THE SECRET LIFE OF ANTONIO VIVALDI As Revealed by his Teaching Assistant
A Play in Two Acts by Helen Martin
Introduction Brenda, a suburban piano teacher, has managed to purchase the last, extant copy of Vivaldi's Method Book. She, therefore, has assembled an audience, most of whom have been or still are, her students so that she may, at last, announce the expansion of her studio to include teaching strings. But her opening comments are interrupted by the uninvited presence of Sister Sylvia dal Violone - Vivaldi's Teaching Assistant - intent on repossessing the book. *********************
In 1986 I began a search for the origins of contemporary violin teaching. I wanted to try to pinpoint the reasons for the exclusion of singing, specifically, singing at sight. I found that some eighteenth and nineteenth century, published methods used this exclusion as a selling point. In general, though, I found that both the singing and the non-singing approaches could be characterized as "playing by numbers." The successful student would have to have had a strong, innate sense of pitch in addition to being very good at recalling what the teacher had played at the lesson. But one author actually stated that singing was relevant. Scholars tend to agree that the first published Violin Method was that of Geminiani's. Geminiani's Method, appearing in 1751, is the exception mentioned above. (Vivaldi died in 1751.) Why does any of this matter?

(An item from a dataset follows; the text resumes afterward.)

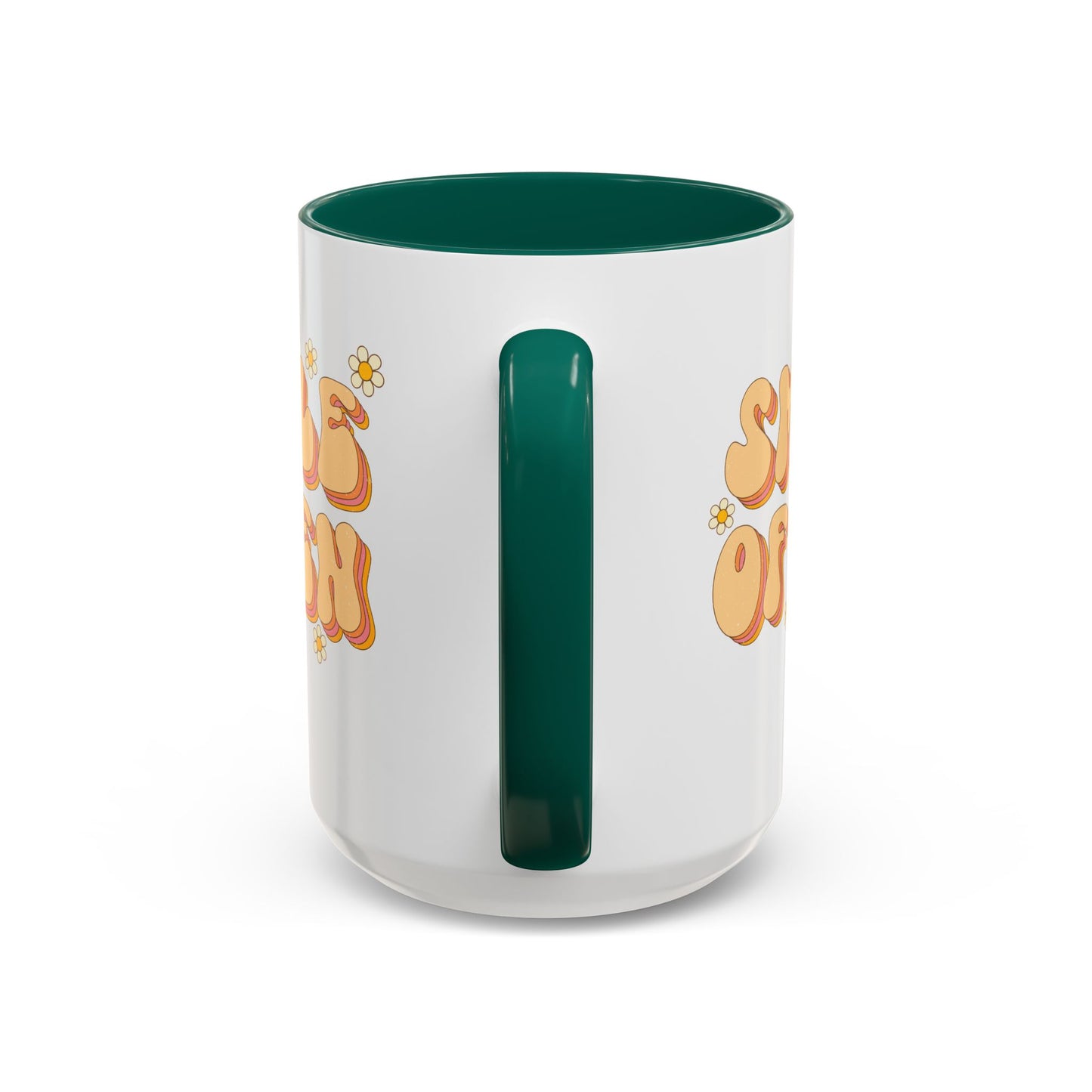 Smile Often Accent Mug – Retro Daisy Letters | 11oz 15oz colored Handle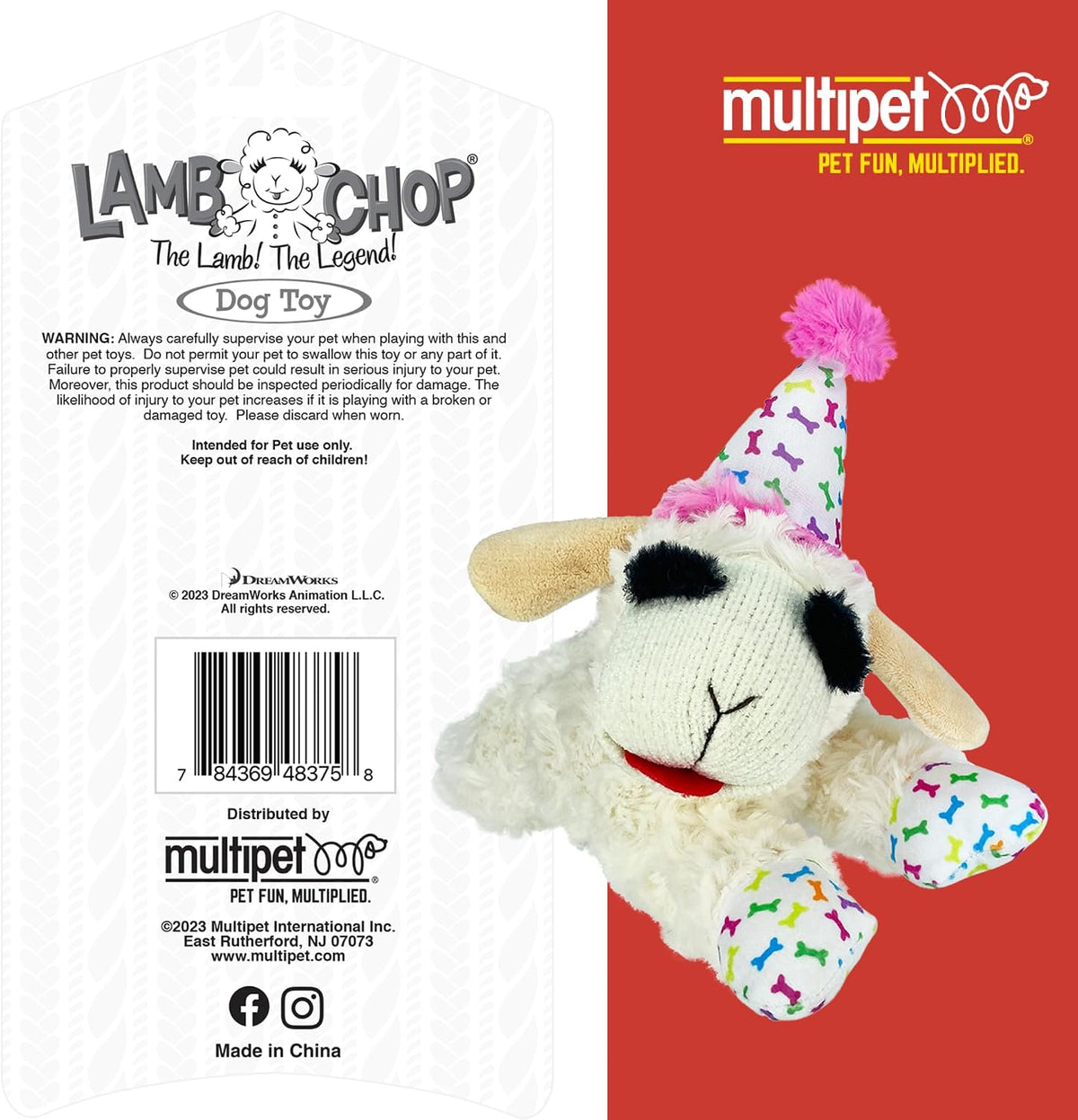 Multipet Lamb Chop Dog Plush Toy with Birthday Hat - Squeaky Dog Toy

It matters because singing at sight, - as opposed to rote singing - is a generative aspect of being musical. Singing at sight means that we are able to produce what we see on the page without punching keys or visually executing coordinates such as frets or strips of adhesive placed on a fingerboard. Singing at sight develops aural responses. Playing by fret, visual.
How then, did Vivaldi teach? Probably his goals were routine for his time. Seventeenth and eighteenth century performance demands were quite different from those of today. Scores for violin sonatas appeared in two bracketed clefs. The lower or bass line directed the keyboard player who delivered chords and their inversions as directed by Figured Bass such as the "6" in the example below. The upper of the two bracketed staves invited the violinist to invent while performing using an outline of the melody. On the spot, improvised embellishment was standard practice for singers as well as instrumentalists. Singing at sight was taken for granted. Where physical technique was concerned, the problems had been solved long before Vivaldi's time. By then the violin was centuries old and its predecessors, especially the gambas, (bowed instruments held against the leg) were even older. Why then, did Geminiani bother to write a method book? One probable reason was the emergence - among the gentry - of the amateur string player, especially in England, where Geminiani found his publisher. Questions remain, however, about Vivaldi. What if his assignment had been to the boys wing of the orphanage? Would the orchestra at the Pieta` still have attracted observers from all of Europe? Remember, boys who sang well were too often destined to remain altos or sopranos. Even the parents of Joseph Haydn were approached by the singing teachers, anxious to prove their skills by producing a famous castrato. Could this be the answer to the singing conundrum? Were parents simply looking for musical outlets for their sons, outlets that bypassed singing? And publishers looking for a ways to command this market? Whatever the answers, the voiceless approach still dominates our string teaching. Yielding to the hope of restoring the creative, generative aspects of string study, some pedagogues, including this writer, look to the neglected avenues of improvisation and composition. But these worthy tools are only part of a picture that will always be incomplete - without a song.